Hi, I'm really stuck on this question, I don't really know where to start.

Calculate the integral $\int_0^\pi \displaystyle\frac{1}{(\alpha+cos\theta)^2}d\theta$ where $\alpha>1$

In my notes I have similar-ish examples which used the substitution $z=e^{i\theta}$ but in those, the integral went from 0 to $2\pi$, so gave a closed contour & then we could use residues. I thought maybe I could substitute $z=e^{2i\theta}$ instead but that didn't seem to get me anywhere. So now I'm clueless, any hints would be much appreciated.

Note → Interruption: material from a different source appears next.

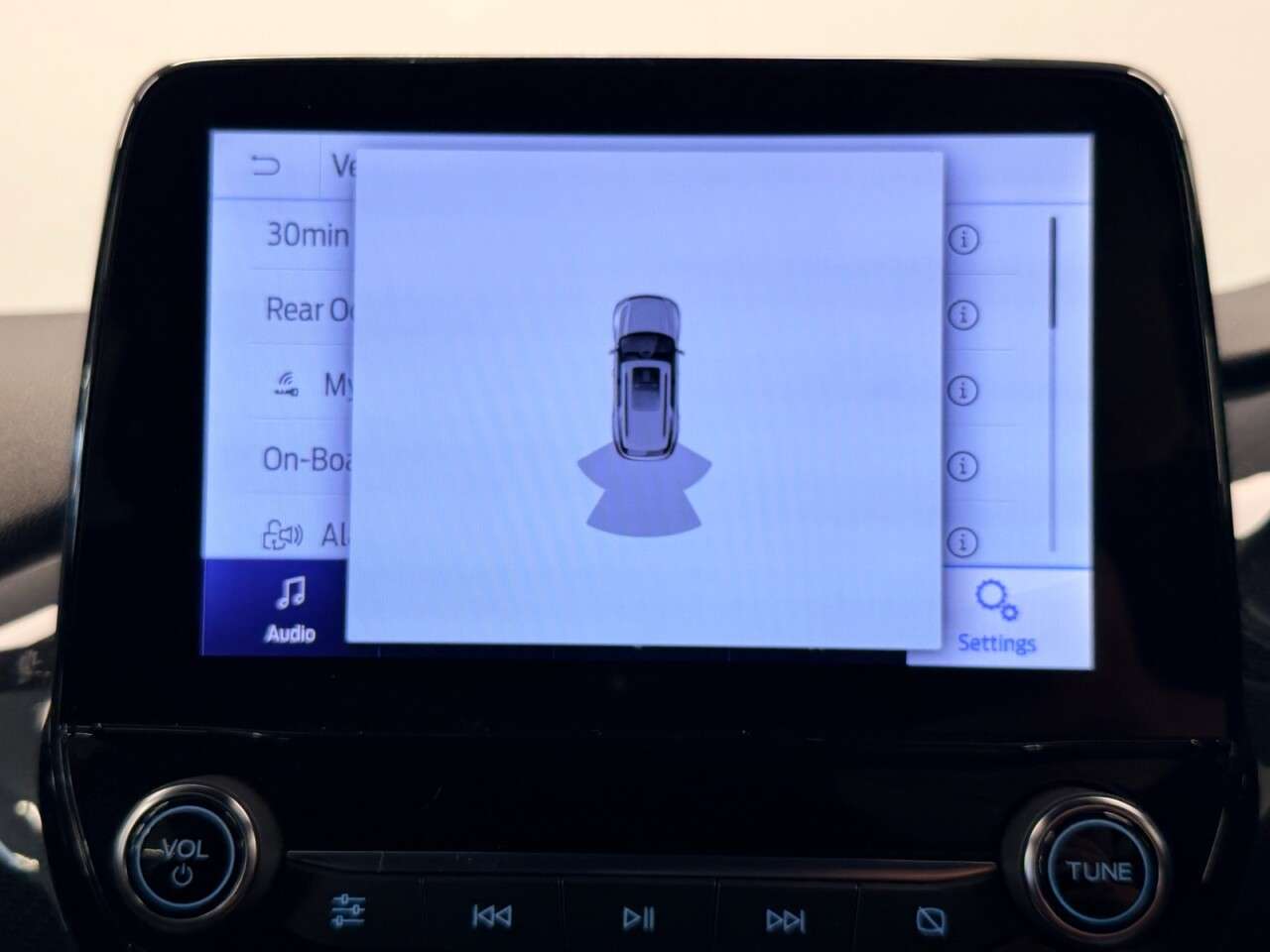 2022 FORD PUMA 2022 FORD PUMA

2. Notice that since cosine is an even function, the integrand is an even function and thus $\displaystyle I = \int_0^\pi \displaystyle\frac{1}{(\alpha+cos\theta)^2}d\theta = \frac{1}{2} \int_{- \pi}^\pi \displaystyle\frac{1}{(\alpha+cos\theta)^2}d\theta$

3. Originally Posted by roshx
Hi, I'm really stuck on this question, I don't really know where to start.

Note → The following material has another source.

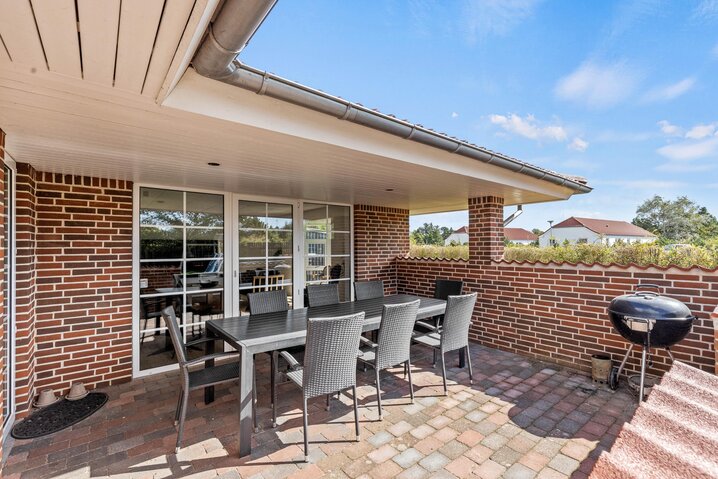 Sommerhus 61007 på Homarken 15, Ho - Billede #37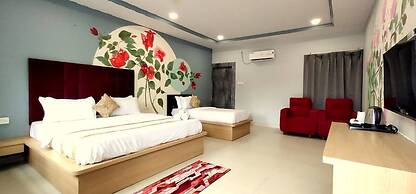 Kunj - By Shivaneel Hospitality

Calculate the integral $\int_0^\pi \displaystyle\frac{1}{(\alpha+cos\theta)^2}d\theta$ where $\alpha>1$

In my notes I have similar-ish examples which used the substitution $z=e^{i\theta}$ but in those, the integral went from 0 to $2\pi$, so gave a closed contour & then we could use residues. I thought maybe I could substitute $z=e^{2i\theta}$ instead but that didn't seem to get me anywhere. So now I'm clueless, any hints would be much appreciated.
The first thing to notice is that the integral is symmetric over the vertical line $x=\pi$

This gives $
\frac{1}{(\alpha+cos\theta)^2}d\theta$

Too slow
$\displaystyle \int_{0}^{\pi}\frac{1}{(\alpha+cos\theta)^2}d\thet a=\frac{1}{2}\int_{0}^{2\pi}\frac{1}{(\alpha+cos\t heta)^2}d\theta$

Now use the sub you suggested before!

4. Hey, thanks for the help everyone. I've been working on this problem and I've got a bit stuck again. I did the substitution and took out constants, now have the integrand looking like this:

$\displaystyle\frac{1}{z(\alpha + \frac{1}{2}(z+\frac{1}{z}))^2}$

I think z=0 is the only singularity I need to worry about since any others would be outside the contour (the unit circle) but please correct me if I'm wrong.

However I can't seem to work out the residue. I keep winding up with a pesky 1/z. Is z=0 a simple pole?